Ruby web scraping tutorial on morph.io – Part 2, start writing your scraper

This post is part of a series of posts that provide step-by-step instructions on how to write a simple web scraper using Ruby on morph.io. If you find any problems, let us know in the comments so we can improve these tutorials.


In the past post we set up our scraper. Now we’re going to start out writing our scraper.

It can be really helpful to start out writing your scraper in an interactive shell. In the shell you’ll get quick feedback as you explore the page you’re trying to scrape, instead of having to run your scraper file to see what your code does.

The interactive shell for ruby is called irb.

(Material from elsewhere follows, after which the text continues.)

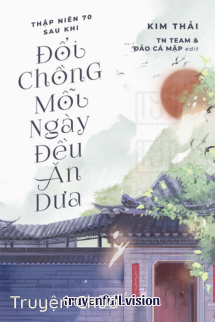 Thập Niên 70: Sau Khi Đổi Chồng, Mỗi Ngày Đều Ăn Dưa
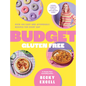 Budget Gluten Free: Over 100 Easy and Affordable Recipes for Every Day - Hardcover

Start an irb session on the command line with:

> bundle exec irb

The bundle exec command executes your irb command in the context of your project’s Gemfile. This means that your specified gems will be available.

The first command you need to run in irb is:

>> require 'mechanize'

This loads in the Mechanize library. Mechanize is a helpful library for making requesting and interacting with webpages.

Now you can create an instance of Mechanize that will be your agent to do things like ‘get’ pages and ‘click’ on links:

>> agent = Mechanize.new

You want to get information for all the members you can. Looking at your target page it turns out the members are spread across several pages. You’ll have to scrape all 3 pages to get all the members. Rather than worry about this now, lets start small. Start by just collecting the information you want for the first member on the first page. Reducing the complexity as you start to write your code will make it easier to debug as you go along.

In your irb session, use the Mechanize get method to get the first page with members listed on it.

>> url = "https://morph.io/documentation/examples/australian_members_of_parliament"
>> page = agent.get(url)

This returns the source of your page as a Mechanize Page object. You’ll be pulling the information you want out of this object using the handy Nokogiri XML searching methods that Mechanize loads in for you.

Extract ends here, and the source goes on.